Fast forward to 2 years later.
I was 7 when I first came across closed captioning. School was about to finish up for the year, and my teacher had put Home Alone in the VHS player. There was an odd device sitting on top of the VHS player. My teacher fiddled with it then pressed play.
There was CAPTIONS!
I was beyond mesmerised. It felt like a whole new world had opened up right in front of my eyes.
I then discovered the Bundaberg Library had VHS tapes with open captions, and I didn’t need a special device connected to the VHS player in order to be able to play the movies. I loved it.
By the time I was 9, I had watched The Neverending Story SO many times with open captions.
I was 10 when my mother decided to uproot and move us to Brisbane, and she enrolled me at a mainstream school with a Deaf facility. They had a HUGE collection of movies with captions on VHS tapes, and I took advantage of it. One of the teachers there took it upon himself to tape all movies playing on TV with captions, so we could borrow them anytime we liked.
It was around the same time I realised how important it was to be able understand popular culture, and to keep up with the times. Captions provided that opportunity. I remember watching an action movie, and one of the main characters said “YOU ROTTEN SON OF A BITCH!!!”. I laughed because I had learnt that people can be creative with insults.
I also learnt more about history and the world around me. In Grade 6, we were learning about the World War I, and I had discovered I was a history buff.

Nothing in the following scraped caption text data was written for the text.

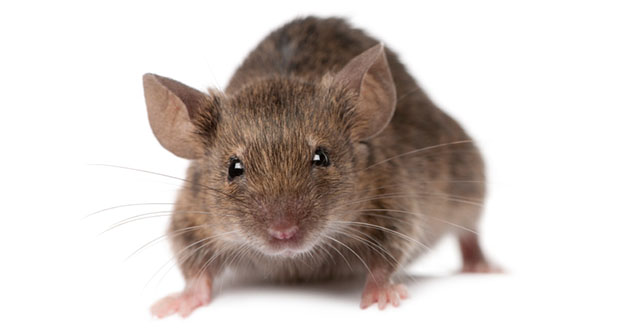 Mouse Pest Control in and near Lutz Florida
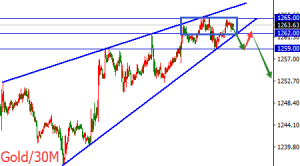 �����t�������[���o�K�������S�����q�y�q�Զ���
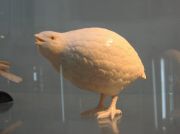 IMG 7943
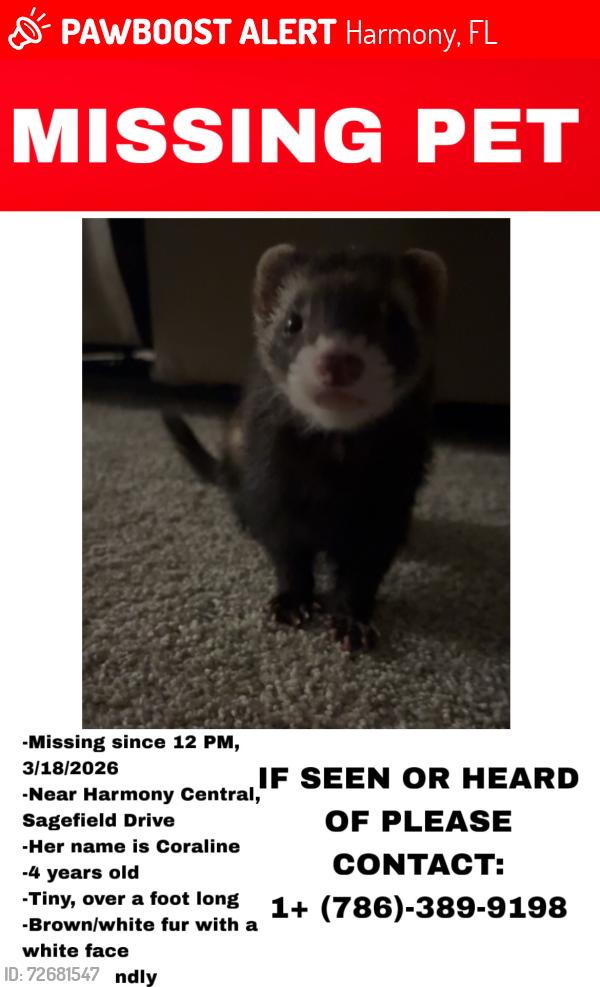 Lost Female Ferret last seen Harmony high school, Harmony, FL 34773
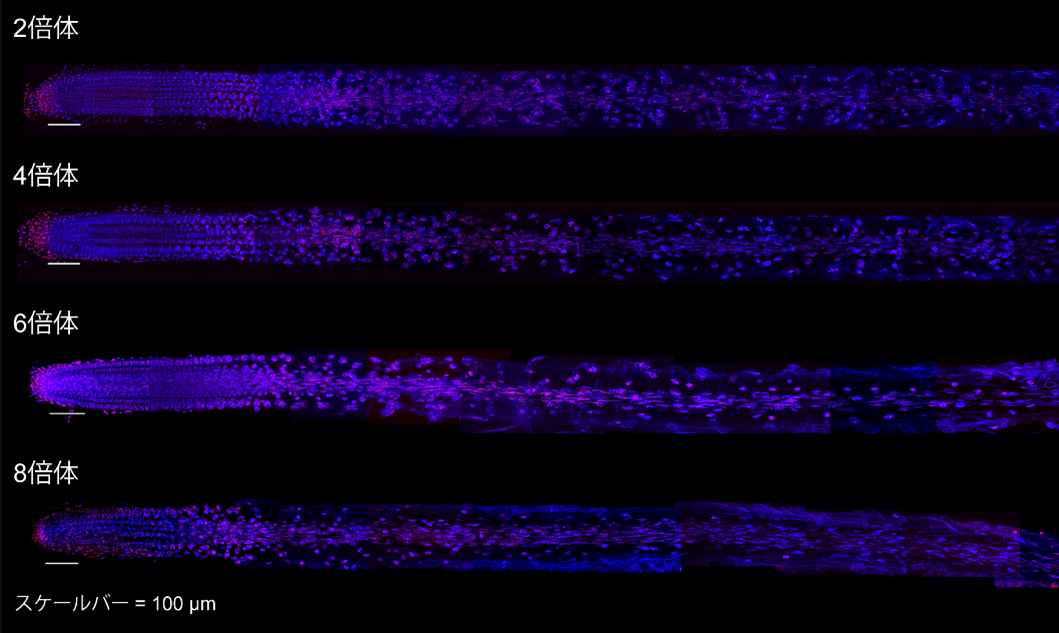 図2根端全体における染色体の様子.png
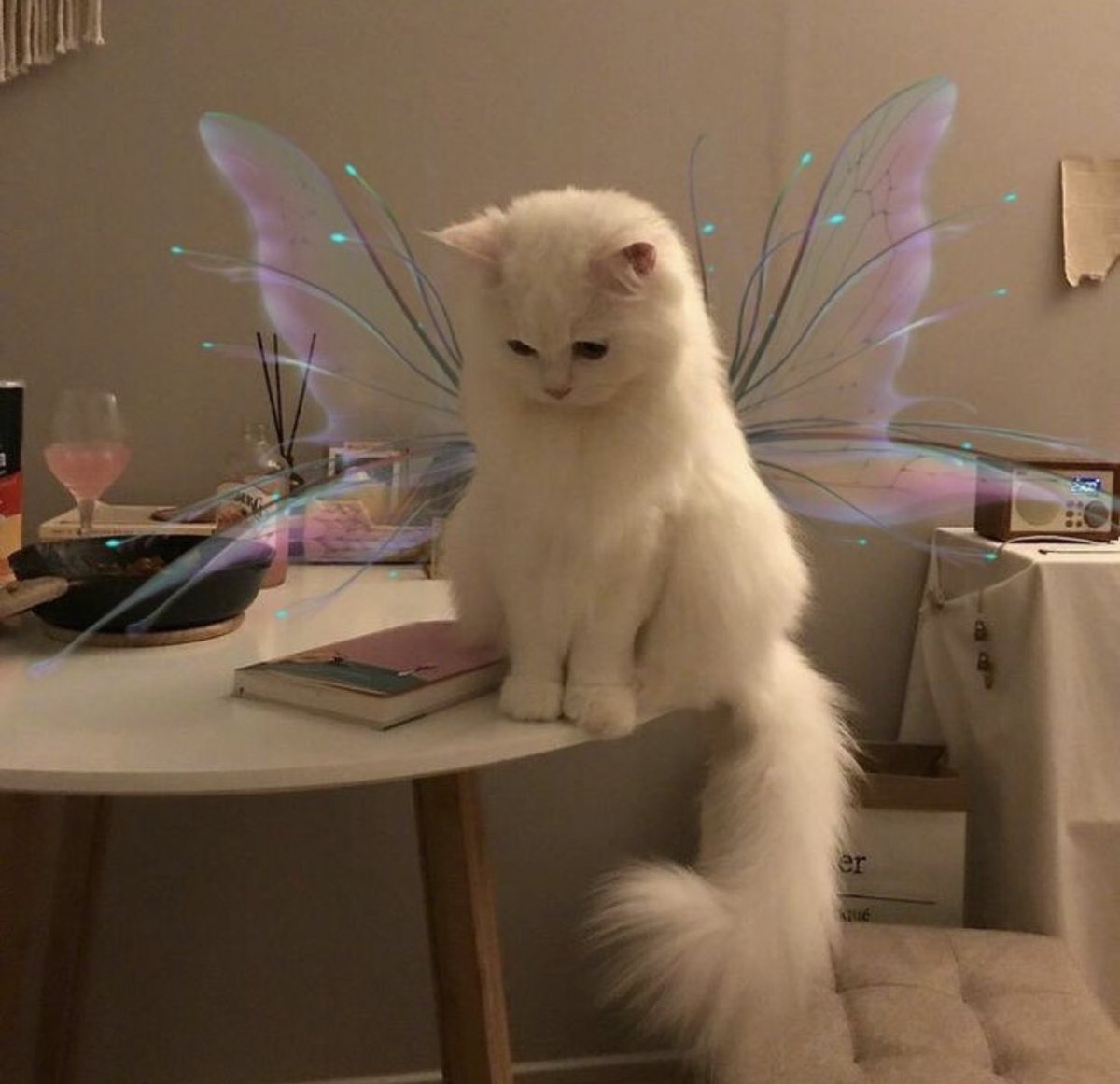 Why you should have a cat (@shouldhavecat) on Twitter photo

I was constantly transfixed, especially when my teacher showed us two Australian movies – Gallipoli and The Light Horsemen. I still love military movies 😉
My teacher gave me a petition paper from Australian Association of the Deaf (now known as Deaf Australia). They wanted to make captioning mandatory during primetime TV (6pm-midnight). I took the petition paper home and got signatures from my family, neighbours and the local church. Deaf people did the same all over Australia. It was successful, and we were able to access more TV programs at night time. Deaf Australia has been working hard on captioning access in Australia for the last 20+ years, and their job still isn’t done.
With the introduction of DVDs, we were able to watch more movies, TV series and documentaries than before with captions. There has been times I was disappointed to find out a particular movie or TV series on DVD did not come with captions, only to learn that it was available from either UK or USA and I would have to order online.
Captions have become a huge part of my life. I’ve learnt more about popular culture. I’ve learnt more about the world. Heck, I’ve learnt to memorise my favourite quotes from TV shows and movies.
Rory: You look happy.
Rory: Did you do something slutty?
Lorelai: I’m not that happy.
Gilmore Girls: Season 1 – Pilot (S1E1)
Australia has always been decades behind UK and USA in regards to captioning, and there’s still lots of work to be done yet. Like many other Deaf people around the country, I’ve resorted to Netflix because of their fantastic captioning provision and quality. Quickflix doesn’t provide captions for their streaming service, which is highly disappointing BUT Netflix is a lot cheaper than Quickflix. Foxtel doesn’t provide captions for their streaming service either. Only ABC iView and 7Plus provides captions. Access to Australian streaming services is still limited, hence my decision to jump onto the Netflix & VPN bandwagon. Well worth the money, I’ll have you know that 😉
The other day, I learnt that the Abbott Government wanted to get rid of mandatory reporting on captioning for TV broadcasters in the proposed The Broadcasting and Other Legislation Amendment (Deregulation) Bill 2014.
If the Bill is passed, we will be taken backwards. Waaaaaay backwards. Decades behind our UK and USA friends.
And not only the Deaf community, but for those who like to watch shows with captions for many other reasons.
Without mandatory reporting, the quality and quantity of closed captioning will go downhill…slowly, if it is not already. Our complaints might be ignored and become lost in the system.
That being said, the Abbott Government is a HUGE joke. It’s easily the worst Government in nearly 30 years of my life.
We need to fight against the proposed Bill. We need to show the Government that this is not cool.
Let’s get together and make sure the Bill does not pass.